## Your goal
Repeat the material exactly, leaving no line out.

## Supplied information
▽
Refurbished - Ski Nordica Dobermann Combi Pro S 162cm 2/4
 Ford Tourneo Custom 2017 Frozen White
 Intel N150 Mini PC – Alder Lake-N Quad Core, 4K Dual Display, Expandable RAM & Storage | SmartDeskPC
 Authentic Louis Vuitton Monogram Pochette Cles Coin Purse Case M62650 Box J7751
△
## Result below
Refurbished - Ski Nordica Dobermann Combi Pro S 162cm 2/4
 Ford Tourneo Custom 2017 Frozen White
 Intel N150 Mini PC – Alder Lake-N Quad Core, 4K Dual Display, Expandable RAM & Storage | SmartDeskPC
 Authentic Louis Vuitton Monogram Pochette Cles Coin Purse Case M62650 Box J7751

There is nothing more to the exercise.